La geopolitica dello spettacolo nella “guerra contro la droga”

Petro critica gli omicidi degli USA nei Caraibi

Misión Verdad

In un’intervista concessa al Washington Post, il presidente colombiano Gustavo Petro ha messo frontalmente in discussione la strategia antidroga promossa dall’amministrazione Trump nei Caraibi. Le sue dichiarazioni mettono in rilievo la dimensione politica di una guerra alla droga che, dopo decenni di applicazione, è fallita nei suoi obiettivi dichiarati ed è diventata uno strumento di pressione geopolitica.

Secondo Petro, i recenti attacchi navali costituiscono uno spettacolo mediatico con conseguenze letali, mentre la “decertificazione” della Colombia riflette un uso ideologico delle certificazioni che Washington applica a seconda della propria convenienza.

Militarizzazione per la televisione

Durante l’intervista, Gustavo Petro è stato categorico nel definire gli attacchi navali dell’amministrazione Trump come uno spettacolo mediatico che si traduce nella morte di giovani poveri, senza armi né reale responsabilità nell’affare della cocaina. Per il presidente colombiano, queste operazioni, presentate da Washington come successi nella lotta alla droga, non costituiscono una strategia efficace, ma esecuzioni extralegali che non intaccano affatto le reti di potere che dominano il narcotraffico.
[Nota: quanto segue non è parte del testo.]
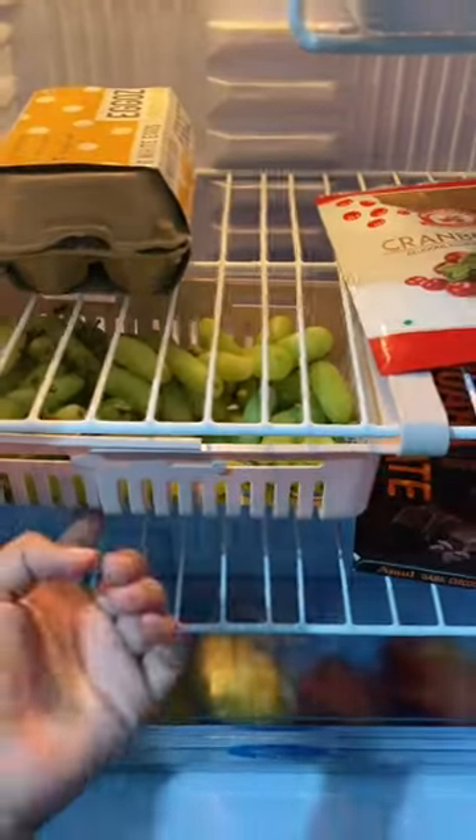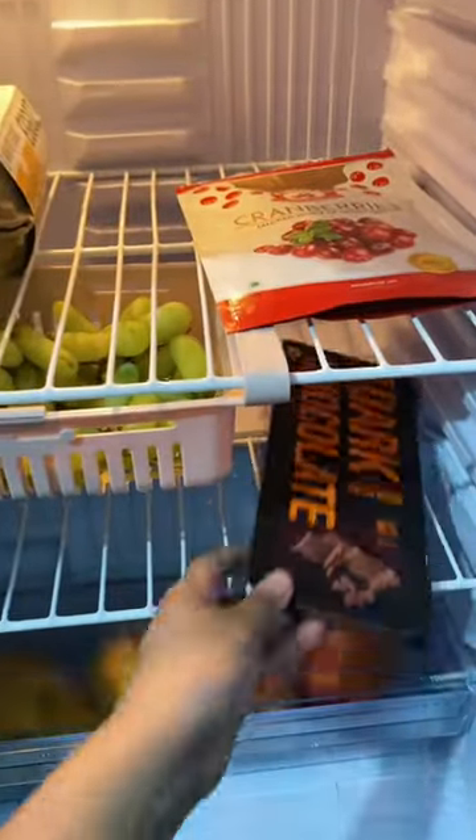I got this storage thing from Amazon — it's great for some extra storage. Then I have some dark chocolate here. Here are some other fruits — mangoes and apples.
I dati riportati dallo stesso quotidiano rafforzano la critica: almeno 17 persone sarebbero morte nei tre attacchi unilaterali e illegali contro imbarcazioni nei Caraibi, senza che la Casa Bianca abbia presentato prove conclusive sull’identità delle vittime né sul carico trasportato. L’insistenza dei funzionari USA nel giustificare queste azioni in base al “diritto dei conflitti armati” mette in evidenza un modello di legittimazione della forza militare di fronte a un problema che, come ha ribadito Petro, richiede invece intelligence di polizia e cooperazione giudiziaria.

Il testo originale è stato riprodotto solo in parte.